Cloud Benchmarking JVMs

Cloud Benchmarking JVMs

So, I made a mistake. I have been saying for a while that I’m not so sure that Java is actually really good for microservices, because of the warm up time for the JIT and the high memory overhead. What I realized on JAX in London was that what I actually meant is that I’m not so sure that Java is actually a good fit for the Cloud, because of the above reasons. But apparently everyone is by now aware of that.

So my mistake was basically to look at pure request performance, which actually does not matter anymore, because Cloud. You can scale horizontally as far as you want. The real question is how low you can go with the memory.

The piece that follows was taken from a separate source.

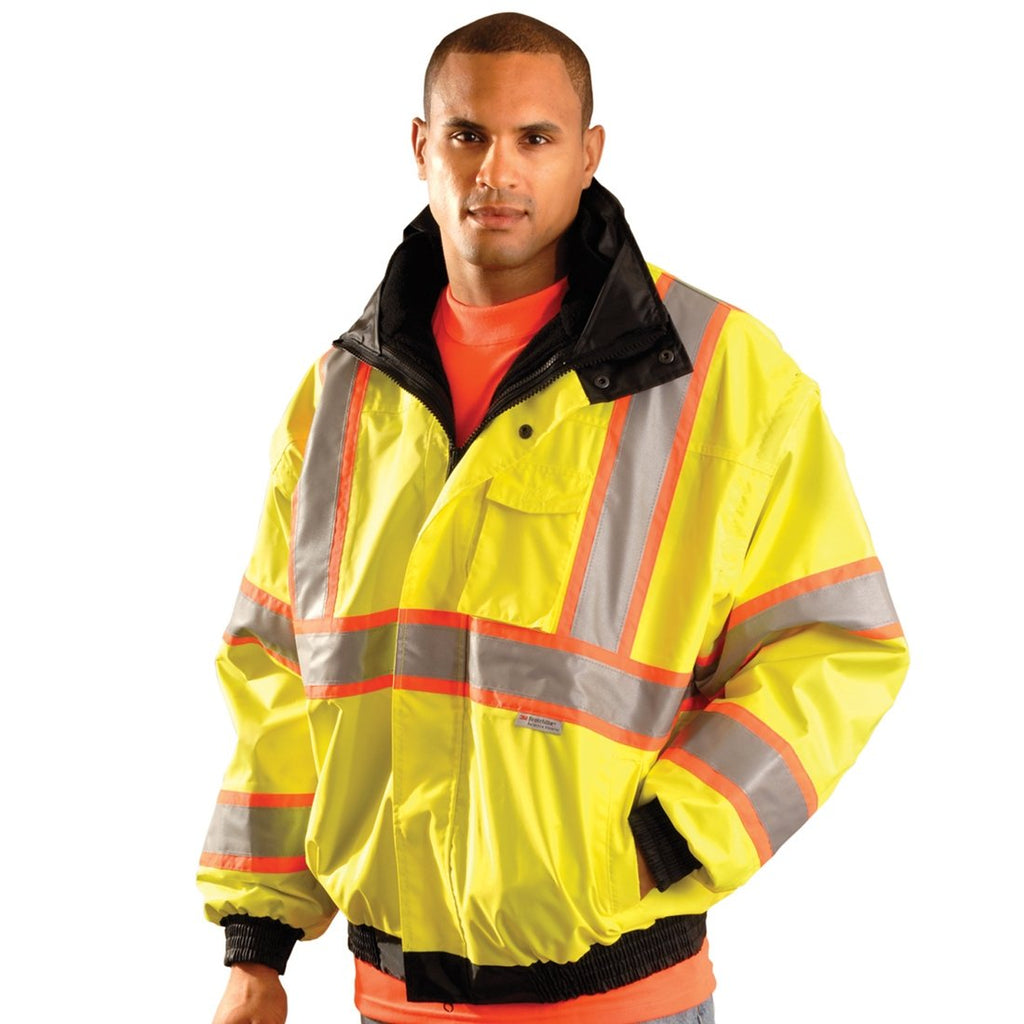 Class 3 Premium Two-Tone Bomber Jacket - Lime - Large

I spend some time in summer hand optimizing JVM memory limits for small microservices. And even then I realized that with the way HotSpot is configuring its regions you always have a lot of memory that is just sitting there idle. Even if you can serve all the requests with your young generation and have a pretty static set of stuff in the old region you can not really tell that to HotSpot. And the issue is, with the cloud, this memory is just wasted money. Because you provision by memory and CPU, the CPU is pretty easy to over-commit, but the memory is not. It is reserved. It is there in your docker memory limit. It will determine how many machines you actually have to run.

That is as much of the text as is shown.